It is no secret a few municipalities in Alberta are filthy rich while others struggle. Refinery Row in Sherwood Park nets huge taxation as does the oilsands at Fort McMurray. Still near the top are the oil-rich M.D. of Greenview and M.D. of Opportunity.
Years ago, Big Lakes County was high on the list.
It is well-documented in this newspaper that assessment in BLC has plummeted. Because of a big dip in revenue, grants to neighbouring municipalities like the Town of High Prairie have dipped. From a figure of about $1 million in an annual capita grant, the figure decreased to around $850,000 about 2017 and has since decreased to zero. It has been a hard financial hit for both BLC and town council.
At its Aug. 10 meeting, BLC threw an olive branch to council by offering $250,000 a year over an eight-year period until 2029.
However, town council rejected the offer at its Aug. 25 meeting. One may quickly wonder why town council would shun a $2 million offer but it was over eight years. It is still a far cry from the cool $1 million it received years ago.
Town councillors were quick to speculate despite the fact they have no real expertise. Instead, they expressed a desire for more money. It was proposed BLC fork over the same amount of money in a shorter time period [four years, as suggested by Councillor John Dunn] or an increased amount over eight years. Councillor Sacha Martens suggested to ask for $500,000 while Councillor James Waikle shared this thought.
“It sounds like we’re lucky to get this amount from them,” he said.
To simply pick a number out of thin air is not practical.

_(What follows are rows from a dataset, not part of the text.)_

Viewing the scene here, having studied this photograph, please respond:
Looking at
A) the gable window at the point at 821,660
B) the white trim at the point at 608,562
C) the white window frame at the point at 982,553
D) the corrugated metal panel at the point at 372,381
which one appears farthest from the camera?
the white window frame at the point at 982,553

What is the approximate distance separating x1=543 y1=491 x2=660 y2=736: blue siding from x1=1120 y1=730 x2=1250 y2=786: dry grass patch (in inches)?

No one can predict the future so locking into a set amount could potentially be detrimental and beneficial to BLC. No one wants that.
Instead, why not tie the grant given to High Prairie based on assessment? It was suggested a “floating formula” based on linear assessments.

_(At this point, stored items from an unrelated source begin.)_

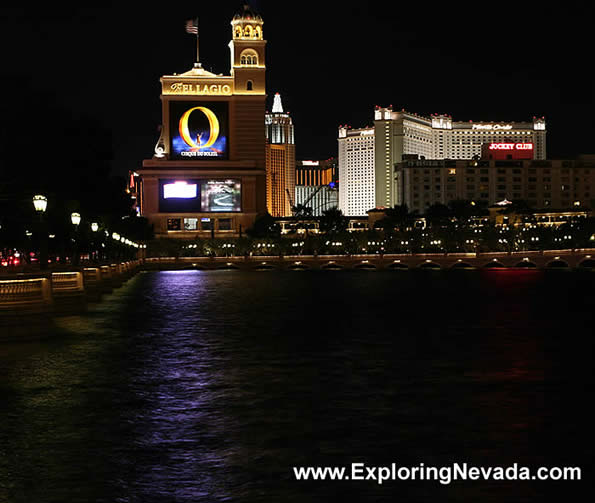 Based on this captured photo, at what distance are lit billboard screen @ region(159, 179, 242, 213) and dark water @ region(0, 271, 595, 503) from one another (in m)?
132

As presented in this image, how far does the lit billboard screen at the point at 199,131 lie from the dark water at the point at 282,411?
133 metres

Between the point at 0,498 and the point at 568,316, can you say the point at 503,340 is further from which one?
the point at 0,498

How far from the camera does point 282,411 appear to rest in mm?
12898

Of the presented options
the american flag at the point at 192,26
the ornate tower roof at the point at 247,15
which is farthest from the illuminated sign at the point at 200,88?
the ornate tower roof at the point at 247,15

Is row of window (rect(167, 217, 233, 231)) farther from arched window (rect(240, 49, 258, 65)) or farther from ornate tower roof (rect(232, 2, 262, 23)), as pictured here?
ornate tower roof (rect(232, 2, 262, 23))

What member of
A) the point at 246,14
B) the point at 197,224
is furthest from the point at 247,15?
the point at 197,224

It makes the best sense and is fair. If BLC assessment increases, revenue increases and they can share accordingly. If assessment decreases or remains stable, High Prairie gets nothing. It might be higher than the annual $250,000 offered but it might be lower. So be it!

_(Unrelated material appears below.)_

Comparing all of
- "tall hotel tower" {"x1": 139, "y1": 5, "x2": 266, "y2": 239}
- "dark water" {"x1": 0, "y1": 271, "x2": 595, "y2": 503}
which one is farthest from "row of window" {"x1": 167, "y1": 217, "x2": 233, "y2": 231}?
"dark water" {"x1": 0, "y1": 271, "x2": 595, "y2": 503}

Should town council expect their friends at BLC to pay when revenues do not warrant so?
Town council and BLC have tooted their horns for years about the good working relationship they have. During most of this time, BLC’s revenues were excellent and coffers overflowing so it was easy to share. Only during the last few years have problems arisen, all due to the lack of money.
Financial pressures are rising for both governments. It is why they need to discuss a fair grant formula based on assessment. There is no need for this to become an issue that may divide the two.
A good discussion needs to take place, but first and foremost, each side must have an understanding of the situation the other side is coming from. Only then will an agreement be reached that is fair and satisfies both parties.
To demand lavish amounts of money from someone who is in no position to offer it is foolish and the sooner town council realizes that, the better.